Doubt = Null Hypothesis
Statistician Ronald Fisher has already developed a hypothesis called Null Hypothesis for this. According to this hypothesis – no variation exists between variables, or that a single variable is no different from zero. It is presumed to be true until statistical evidence nullifies it for an alternative hypothesis
In the above case, null hypothesis would be something like “In the above experiments, the difference in click though rate is because of chance rather than the use of non-branded call to action without explanation”
How will you prove the contrary?
You have to use a large enough sample size and collect data till you can prove statistical significance.
What should be the Sample Size?
Although the generic rule of thumb is that you should have 1000 conversions on each versions, a more scientific way of calculating the sample size are the following:
1) Define the variable for conversion (clicks, sign ups etc.)

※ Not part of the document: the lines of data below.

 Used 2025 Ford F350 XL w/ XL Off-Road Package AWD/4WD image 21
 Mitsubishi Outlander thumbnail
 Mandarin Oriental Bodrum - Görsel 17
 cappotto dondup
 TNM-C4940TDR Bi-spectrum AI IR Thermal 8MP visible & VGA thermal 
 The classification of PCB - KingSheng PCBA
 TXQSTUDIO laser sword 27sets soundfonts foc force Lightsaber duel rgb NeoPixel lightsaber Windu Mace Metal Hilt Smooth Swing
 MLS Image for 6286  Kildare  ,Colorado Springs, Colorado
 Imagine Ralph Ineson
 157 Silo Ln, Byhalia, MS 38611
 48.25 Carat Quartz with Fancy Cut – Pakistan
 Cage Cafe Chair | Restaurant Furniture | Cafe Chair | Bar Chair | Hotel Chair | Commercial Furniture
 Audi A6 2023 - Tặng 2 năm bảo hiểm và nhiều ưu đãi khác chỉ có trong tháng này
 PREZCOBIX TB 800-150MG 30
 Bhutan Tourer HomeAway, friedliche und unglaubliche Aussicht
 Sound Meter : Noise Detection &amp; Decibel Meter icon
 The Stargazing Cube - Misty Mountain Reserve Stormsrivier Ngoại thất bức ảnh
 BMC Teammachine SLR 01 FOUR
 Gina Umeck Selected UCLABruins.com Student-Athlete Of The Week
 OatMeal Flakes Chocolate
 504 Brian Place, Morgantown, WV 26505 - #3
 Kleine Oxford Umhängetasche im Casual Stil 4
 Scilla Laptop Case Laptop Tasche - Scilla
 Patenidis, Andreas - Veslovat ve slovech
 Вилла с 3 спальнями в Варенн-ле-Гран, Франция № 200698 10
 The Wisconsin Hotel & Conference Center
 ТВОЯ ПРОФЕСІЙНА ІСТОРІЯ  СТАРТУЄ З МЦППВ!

2) What is a substantial difference in conversion (for A/B tests, it is any number greater than 10%)
In the above case, if version A has a click through rate of 2% and B a CTR of 15%, we can say that there is a substantial difference in CTR.
3) What is the baseline conversion
For the past 5 months, we have been getting 1.4 – 2.6% conversion on Version A with the median conversion at 2%. In this case, we will take the baseline conversion as 2%
4) Use Power Analysis
The basic principle of power analysis is to calculate the probability of finding a real difference in the two versions. If there is an 80% probability that one version is better than the other, then the sample size is accepted.
Don’t worry about Power Analysis, most A/B testing tools have Power Analysis tools in-built in them.
How to use Statistical significance to reject Null Hypothesis?
Calculating statistical significance is beyond the scope of this article but we have online tools to perform the calculation. But remember this one number – 5%. This variable is the Significance level. A significance level of 0.05 means that difference in conversion resulting from chance is less than 5%. If we get a number less than 0.05, we can safely reject the null hypothesis.
The A/B testing tools that we are using collects the following information
Existing conversion rate (%) %
Expected improvement in conversion rate (%) %
Number of combinations (variations)
Average number of daily visitors
Percent visitors included in test
Based on the above values, it calculates the total number of days to run the test.
If you don’t remember anything from this article, just remember to answer the following questions after the experiment.
1) What is the conclusion from the experiment?
2) What have you learned about your audience?
You might make wrong conclusions or the behaviour of your audience might change in the next experiment but if you don’t learn from each experiment, the assumptions that you make in the next experiment would be far away from reality.